Clearly our Trump troll has no idea whatsoever of the unique circumstances of each case. He makes a baseless assumption that all of these migrants have received due process (and believe me, he really does not care whether they have received due process).
As The Guardian reports, Immigration raids to take place across US starting Sunday:
Among the myriad concerns raised by advocates is that some people ordered deported may never have received notices to appear in court. Trump often accuses migrants of deliberately ignoring notices, but in the past year, attorneys have complained that documents were sent to incorrect addresses or listed incorrect hearing dates and times, including midnight, when court is not in session, and 31 November, which doesn’t exist.
The US government could therefore arrest migrants who didn’t know they were due in court, which would allow the arrested to reopen their cases, if they found an attorney.
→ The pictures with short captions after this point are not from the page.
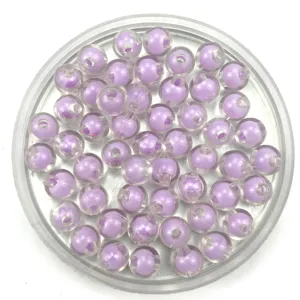 Perles rondes transparentes en acrylique couleur interieure pour accessoires de bijoux DIY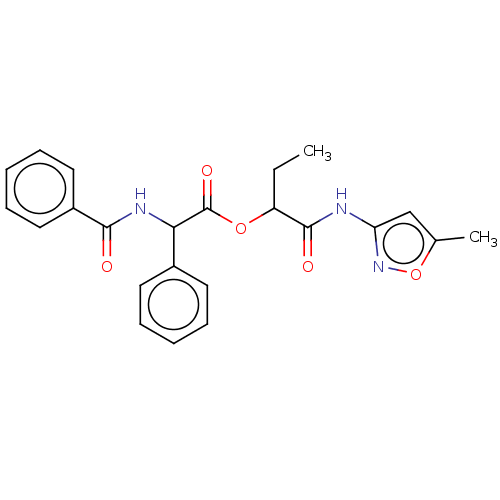 Chemical structure of BindingDB Monomer ID 336176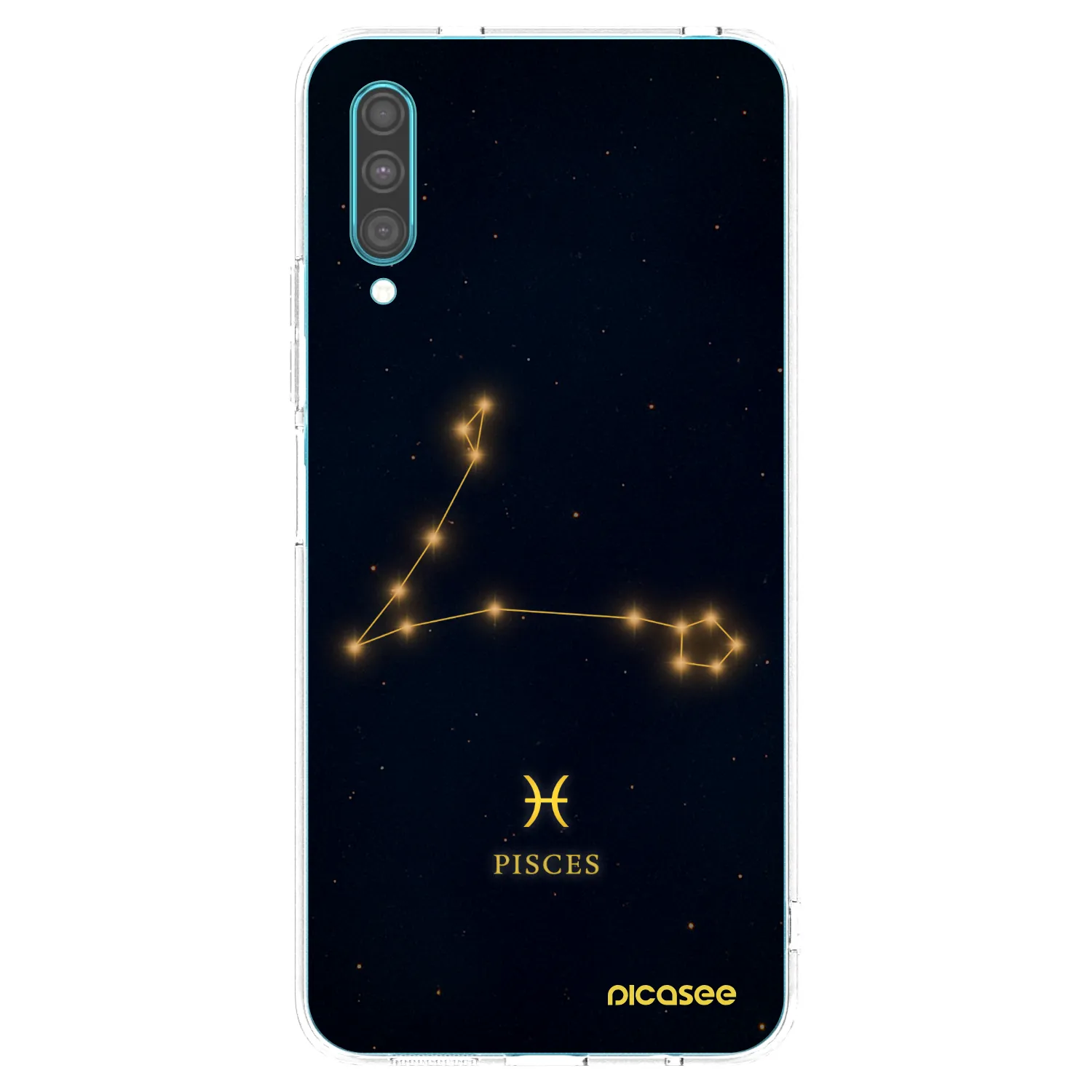 Picasee átlátszó szilikon tok az alábbi mobiltelefonokra Samsung Galaxy A30s A307F - PISCES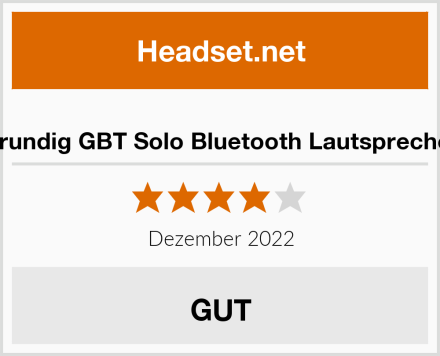  Grundig GBT Solo Bluetooth Lautsprecher Test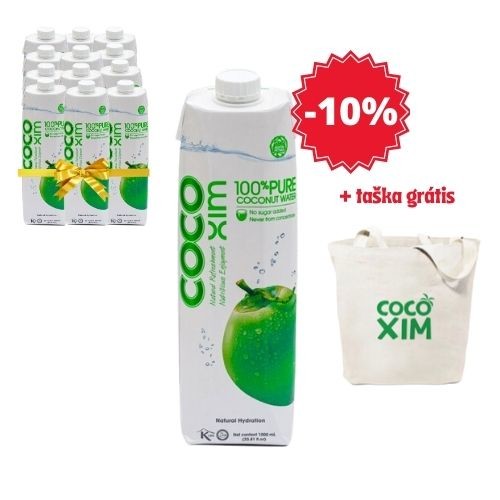 XL balenie - Kokosová voda 100 % Pure COCOXIM 12x1000 ml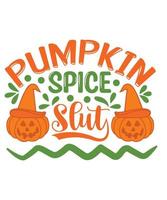 Pumpkin Spice slut vector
The Trump administration has recently worsened this situation. Trump administration ending in-person interpreters at immigrants’ first hearings:
The Trump administration is preparing to replace in-court interpreters at initial immigration court hearings with videos informing asylum seekers and other immigrants facing deportation of their rights, The Chronicle has learned.
The administration portrays the change as a cost-saving measure for an immigration court system bogged down under a growing backlog. But advocates for immigrants are concerned the new procedure could jeopardize their due-process rights, add confusion and potentially make the system less efficient by causing more of them to go underground or appeal cases.
Under the new plan, which the Justice Department told judges could be rolled out by mid-July, a video recorded in multiple languages would play, informing immigrants of their rights and the course of the proceedings. But after that, if immigrants have questions, want to say something to the judge or if the judge wants to confirm they understand, no interpreter would be provided.
Many of the immigrants come from Central America, but collectively they speak a diverse range of indigenous languages and sometimes don’t know Spanish.
The shift would especially affect immigrants who do not have attorneys to explain proceedings. Many immigrants lack representation at the initial hearing, and legal services around the country say they are being stretched thin. The government does not provide attorneys.
Instead of turning to an in-court interpreter, judges would have to rely on any who happen to be in the building for other purposes, or call a telephone service for on-demand translation that judges say can be woefully inadequate or substantially delayed.
“It’s a disaster in the making,” one judge said, speaking on condition of anonymity because the person did not have Justice Department approval to talk publicly. “What if you have an individual that speaks an indigenous language and has no education and is completely illiterate? You think showing them a video is going to completely inform them of their rights? How are they supposed to ask questions of the judge?”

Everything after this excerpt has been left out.